Task directions: In the entries below, find the line containing "Petits Meubles Conjunto", then copy it and every later line exactly, ending with the last line.

====== The records ======

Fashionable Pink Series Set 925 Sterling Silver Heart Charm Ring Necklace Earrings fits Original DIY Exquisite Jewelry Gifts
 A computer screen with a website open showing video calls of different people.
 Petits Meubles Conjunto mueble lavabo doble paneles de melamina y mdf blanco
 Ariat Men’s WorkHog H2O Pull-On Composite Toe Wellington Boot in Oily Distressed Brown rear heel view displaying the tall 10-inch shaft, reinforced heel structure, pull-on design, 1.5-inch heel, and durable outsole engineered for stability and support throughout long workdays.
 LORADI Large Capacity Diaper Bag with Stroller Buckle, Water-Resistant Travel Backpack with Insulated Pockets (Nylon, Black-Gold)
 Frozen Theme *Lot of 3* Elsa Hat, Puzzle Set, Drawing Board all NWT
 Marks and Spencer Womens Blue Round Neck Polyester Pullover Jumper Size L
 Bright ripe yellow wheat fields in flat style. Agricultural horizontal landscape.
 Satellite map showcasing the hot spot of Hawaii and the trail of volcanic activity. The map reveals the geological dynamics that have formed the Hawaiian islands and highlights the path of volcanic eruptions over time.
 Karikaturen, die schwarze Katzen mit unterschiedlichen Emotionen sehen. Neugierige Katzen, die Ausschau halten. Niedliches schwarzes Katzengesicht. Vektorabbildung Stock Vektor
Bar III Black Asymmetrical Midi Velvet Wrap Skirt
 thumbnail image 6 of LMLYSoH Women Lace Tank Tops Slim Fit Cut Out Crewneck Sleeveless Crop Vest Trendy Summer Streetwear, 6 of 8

======

Written response:
 Petits Meubles Conjunto mueble lavabo doble paneles de melamina y mdf blanco
 Ariat Men’s WorkHog H2O Pull-On Composite Toe Wellington Boot in Oily Distressed Brown rear heel view displaying the tall 10-inch shaft, reinforced heel structure, pull-on design, 1.5-inch heel, and durable outsole engineered for stability and support throughout long workdays.
 LORADI Large Capacity Diaper Bag with Stroller Buckle, Water-Resistant Travel Backpack with Insulated Pockets (Nylon, Black-Gold)
 Frozen Theme *Lot of 3* Elsa Hat, Puzzle Set, Drawing Board all NWT
 Marks and Spencer Womens Blue Round Neck Polyester Pullover Jumper Size L
 Bright ripe yellow wheat fields in flat style. Agricultural horizontal landscape.
 Satellite map showcasing the hot spot of Hawaii and the trail of volcanic activity. The map reveals the geological dynamics that have formed the Hawaiian islands and highlights the path of volcanic eruptions over time.
 Karikaturen, die schwarze Katzen mit unterschiedlichen Emotionen sehen. Neugierige Katzen, die Ausschau halten. Niedliches schwarzes Katzengesicht. Vektorabbildung Stock Vektor
Bar III Black Asymmetrical Midi Velvet Wrap Skirt
 thumbnail image 6 of LMLYSoH Women Lace Tank Tops Slim Fit Cut Out Crewneck Sleeveless Crop Vest Trendy Summer Streetwear, 6 of 8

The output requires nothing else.